You can try this recipe. You can use poached shrimp, shrimp/fish tempura, or lump crab meat if you like in place of the lobster. 

Lobster and Avocado Summer Roll with Mango Coulis - Allrecipes


----------



## Cooper'sMom (Jul 15, 2008)

MostlyWater said:


> Cooper's, do you think it's going to taste eggy ?


 
Why not try it and see. I am used to cooking Asian foods so I will/may not know the difference in your taste buds. I am not being sarcastic here...just being a realist......you will never know if you don't try...


----------



## MostlyWater (Jul 16, 2008)

We ate the (baked) eggrolls last night and they were very nice.  For some reason DS didn't eat his so I am going to see how they freeze.

I want to use the rest of the wrappers to make the Thai thing someone posted earlier, I gotta find it.


----------



## Michael in FtW (Jul 18, 2008)

MostlyWater said:


> I don't have a deep fryer, so I can't "properly" fry anything.


 
"Properly Frying" has nothing to do with any special equipment deep fryer. Properly frying is a matter of technique. All you need is a 5-6 qt pot, a candy/fry thermometer ($5-$10 - or a probe thermometer - although you can use cubes of bread or the handle of a wooden spoon to tell you if your oil is at fry temp) to verify the temp of your oil, and not trying to add too much food to the pot at one time - adding too much food will reduce the temp of the oil to a level that it can not quickly recover.

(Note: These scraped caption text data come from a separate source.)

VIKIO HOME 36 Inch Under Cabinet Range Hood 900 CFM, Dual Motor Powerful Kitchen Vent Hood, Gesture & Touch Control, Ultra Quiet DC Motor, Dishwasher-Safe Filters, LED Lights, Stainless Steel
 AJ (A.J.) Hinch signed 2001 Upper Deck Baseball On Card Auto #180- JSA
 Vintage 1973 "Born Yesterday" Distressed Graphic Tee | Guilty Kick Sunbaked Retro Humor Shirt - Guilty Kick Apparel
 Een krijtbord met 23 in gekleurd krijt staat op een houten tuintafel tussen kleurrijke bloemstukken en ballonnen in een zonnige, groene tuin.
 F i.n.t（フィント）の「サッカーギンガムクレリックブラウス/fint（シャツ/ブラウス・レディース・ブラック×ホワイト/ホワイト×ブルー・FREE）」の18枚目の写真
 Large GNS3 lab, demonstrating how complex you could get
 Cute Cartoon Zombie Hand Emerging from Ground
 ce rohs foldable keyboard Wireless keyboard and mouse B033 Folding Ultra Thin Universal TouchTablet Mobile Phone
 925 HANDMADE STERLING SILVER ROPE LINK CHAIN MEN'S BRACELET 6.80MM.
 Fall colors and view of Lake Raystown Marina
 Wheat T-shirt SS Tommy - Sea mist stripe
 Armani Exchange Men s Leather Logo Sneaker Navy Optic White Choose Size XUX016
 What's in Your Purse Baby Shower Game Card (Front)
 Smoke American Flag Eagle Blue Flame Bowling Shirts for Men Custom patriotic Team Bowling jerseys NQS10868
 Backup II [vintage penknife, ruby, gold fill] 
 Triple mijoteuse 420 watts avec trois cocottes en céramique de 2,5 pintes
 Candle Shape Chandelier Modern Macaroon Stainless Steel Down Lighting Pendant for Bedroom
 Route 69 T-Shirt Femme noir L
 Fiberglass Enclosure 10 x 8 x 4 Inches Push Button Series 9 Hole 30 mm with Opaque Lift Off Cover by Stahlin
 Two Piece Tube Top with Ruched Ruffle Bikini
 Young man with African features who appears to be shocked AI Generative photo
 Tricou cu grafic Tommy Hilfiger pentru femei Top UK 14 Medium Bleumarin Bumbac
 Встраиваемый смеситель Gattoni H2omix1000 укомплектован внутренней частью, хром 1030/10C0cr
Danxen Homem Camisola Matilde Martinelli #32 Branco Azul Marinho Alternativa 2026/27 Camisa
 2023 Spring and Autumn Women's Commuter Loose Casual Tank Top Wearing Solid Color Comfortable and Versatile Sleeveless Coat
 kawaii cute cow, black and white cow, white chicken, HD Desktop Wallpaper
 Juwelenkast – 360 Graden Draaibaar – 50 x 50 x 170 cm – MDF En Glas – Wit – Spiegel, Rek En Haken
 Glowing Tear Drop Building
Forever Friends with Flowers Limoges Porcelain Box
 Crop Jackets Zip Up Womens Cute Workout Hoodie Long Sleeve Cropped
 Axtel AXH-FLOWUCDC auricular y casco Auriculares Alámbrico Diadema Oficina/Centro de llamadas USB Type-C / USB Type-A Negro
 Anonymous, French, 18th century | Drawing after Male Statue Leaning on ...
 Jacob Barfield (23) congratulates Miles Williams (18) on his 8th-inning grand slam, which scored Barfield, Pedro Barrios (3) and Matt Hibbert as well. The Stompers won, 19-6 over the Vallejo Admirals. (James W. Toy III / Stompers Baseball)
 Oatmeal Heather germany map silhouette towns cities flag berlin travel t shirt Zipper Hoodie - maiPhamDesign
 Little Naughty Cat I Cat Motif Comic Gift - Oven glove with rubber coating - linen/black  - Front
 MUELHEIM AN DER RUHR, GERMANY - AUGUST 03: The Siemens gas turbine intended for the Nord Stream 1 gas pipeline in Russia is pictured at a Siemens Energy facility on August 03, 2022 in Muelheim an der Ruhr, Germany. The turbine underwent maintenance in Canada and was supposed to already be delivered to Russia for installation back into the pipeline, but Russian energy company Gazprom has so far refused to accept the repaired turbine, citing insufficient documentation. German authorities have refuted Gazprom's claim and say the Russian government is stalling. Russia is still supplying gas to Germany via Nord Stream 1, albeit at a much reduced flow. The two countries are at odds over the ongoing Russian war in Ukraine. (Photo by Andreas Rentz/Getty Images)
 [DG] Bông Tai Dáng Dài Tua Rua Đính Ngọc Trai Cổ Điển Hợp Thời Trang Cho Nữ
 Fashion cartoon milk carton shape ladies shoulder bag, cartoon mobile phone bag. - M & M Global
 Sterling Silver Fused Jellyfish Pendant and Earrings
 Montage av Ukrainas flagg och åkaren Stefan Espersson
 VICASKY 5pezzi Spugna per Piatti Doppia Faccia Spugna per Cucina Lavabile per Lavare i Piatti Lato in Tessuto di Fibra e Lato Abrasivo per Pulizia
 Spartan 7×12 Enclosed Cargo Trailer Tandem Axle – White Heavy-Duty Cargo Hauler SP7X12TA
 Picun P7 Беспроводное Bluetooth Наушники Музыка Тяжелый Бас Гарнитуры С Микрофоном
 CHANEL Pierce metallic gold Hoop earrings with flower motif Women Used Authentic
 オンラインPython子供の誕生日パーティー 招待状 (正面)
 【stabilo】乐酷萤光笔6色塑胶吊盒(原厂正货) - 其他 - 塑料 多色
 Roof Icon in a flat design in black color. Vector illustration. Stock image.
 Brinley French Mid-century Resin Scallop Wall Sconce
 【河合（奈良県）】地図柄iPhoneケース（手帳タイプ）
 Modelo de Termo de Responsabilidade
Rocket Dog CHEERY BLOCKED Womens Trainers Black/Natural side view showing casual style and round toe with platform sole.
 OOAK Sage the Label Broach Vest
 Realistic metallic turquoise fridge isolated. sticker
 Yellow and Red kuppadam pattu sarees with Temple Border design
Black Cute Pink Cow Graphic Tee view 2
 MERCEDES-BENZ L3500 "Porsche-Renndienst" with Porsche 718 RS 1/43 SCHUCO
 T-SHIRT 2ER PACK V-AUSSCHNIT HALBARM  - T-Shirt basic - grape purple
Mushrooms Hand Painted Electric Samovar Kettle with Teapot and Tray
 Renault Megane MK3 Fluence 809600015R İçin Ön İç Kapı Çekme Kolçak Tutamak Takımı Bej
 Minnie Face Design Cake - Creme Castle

If you have the oil at the proper temp - and you don't add too much food so that it causes the oil temp to drop too much - the heat from the oil causes the moisture in the food to rapidly expand, which creates outward pressure, this outward water vapor pressure prevents oil from moving into the food. Properly done - the only oil will be on the surface ... not absorbed into the food. Draining will remove a lot of the surface oil.

If you want to "bake" your egg-rolls - I tend to agree with what elaine l said - brush them with oil and "bake" (roast) them.


----------



## CantCookButLoveToEat (Jul 18, 2008)

*rolls*

google Vietnamese spring rolls, they're pretty good rolls too =)

may not even need cooking if you don't have meat in them


----------



## MostlyWater (Jul 30, 2008)

you need the righ tkind of wrapper, though


----------